California Historical Landmark
- Reference no.: 917

= Remillard Brothers =

Owners of US brick manufacturing plants

The Remillard brothers and members of their family were successful owners of brick manufacturing plants in Oakland and San Francisco, California from the 1860s to the mid-1900s.

The three brothers who founded the brick making company, and started the Remillard fortune, immigrated from St. Valentin (near Napierville), Quebec to California toward the end of the California Gold Rush.
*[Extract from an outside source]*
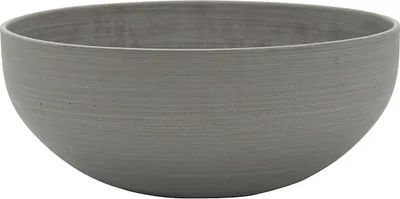Produktbild von Pottery Pots Pflanzschale Morgana Sandstein Grau D 30 cm H 13 cm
== Pierre-Nicolas "Peter" Remillard ==
Pierre-Nicolas "Peter" Remillard was born April 2, 1837, at St. Valentin, Quebec. In 1854 he came to California as an aspiring and self-reliant seventeen-year-old. He became involved in gold mining and saved what was later described in his obituary as a "snug sum" of money.

In 1861, at the age of twenty-four, he moved to Oakland, where he became an employee of a brickyard. Within five years, he rose from hired hand at the brickyard to its owner and opened an office and yard at Clay and 2nd Streets and a brick plant in nearby Brooklyn. His brothers Hilaire and Edward also came from Quebec to join him in the enterprise. The business expanded and, in 1879, was incorporated as Remillard Brick Company. For a number of years, the Remillard brothers provided contracting service to the building trade in addition to manufacturing bricks. In 1882, the company established a large yard at Pleasanton.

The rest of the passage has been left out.